If you take a 16 ohm speaker and put an 8 ohm speaker in parallel with it the lower load being half of the larger means that the 8 ohm speaker will hog most of the power! The bulk of the current always flows through the lowest resistance path.

We can talk all day about the tonal combinations of adding that 8 ohm speaker but the real question is, when they are both wailing is anybody gonna hear the 16 ohm one?

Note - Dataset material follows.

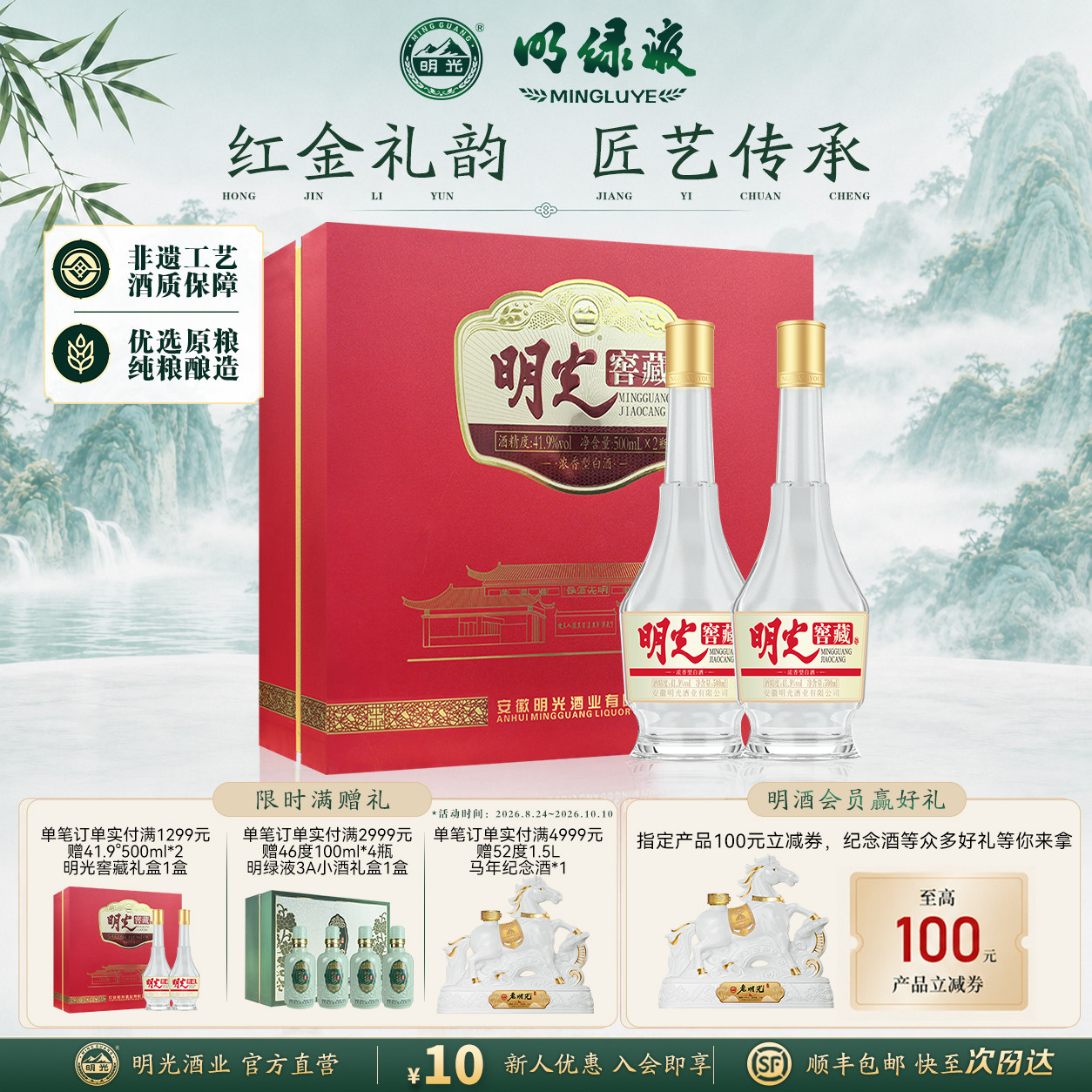 【酒厂直发】明光窖藏礼盒 41.9度500ml*2浓香型纯粮固态送礼白酒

Also, if both speakers are rated at 50 watts you realize what's gonna happen if you assume the pair can handle a 100 watt amp, don't you? The 8 ohm speaker will hog over 75 watts. It will likely burn out while the 16 ohm unit will never get broken in.

:food-smiley-004:


----------



## allthumbs56 (Jul 24, 2006)

Wild Bill said:


> Everybody is talking about the total speaker load and how it matches to the amp. Being a tube amp, it won't really care all that much! It will be somewhat out of its best power or distortion point on it's data sheet curves and there will be a little bit more strain on the output tubes but no big deal. Tubes are tough, after all!
> 
> However, that's NOT the important issue! What's important is how the power will end up shared between the speakers!
> 
> ...


S'truth. I thought I'd beef up my Princeton Reverb with my Marshall 1x12 ext cab one time and get some chunk happenin' ....... it didn't - couldn't hear the ext cab unless I put my ear right in front.

So although it's safe and each speaker will sound like itself you will have a hard time figuring out how they match together as 2/3 of the sound will come out of the 8 ohmer.


----------



## Johnny Canuck (Mar 15, 2008)

Drat. Thanks guys. 

Y'know I KNEW there had to be a fly in the ointment as I couldn't figure out why no one was doing it. But then I would also expect that speaker efficiency will play a role - at least with respect to the relative volume produce by each unit. Oh well, I guess I'll have to use "Noah's Law" and try them out in 2x2 matching pairs - at least as far as the impednace goes. 

I appreciate the input and advice. Thank you.

Marti K.


----------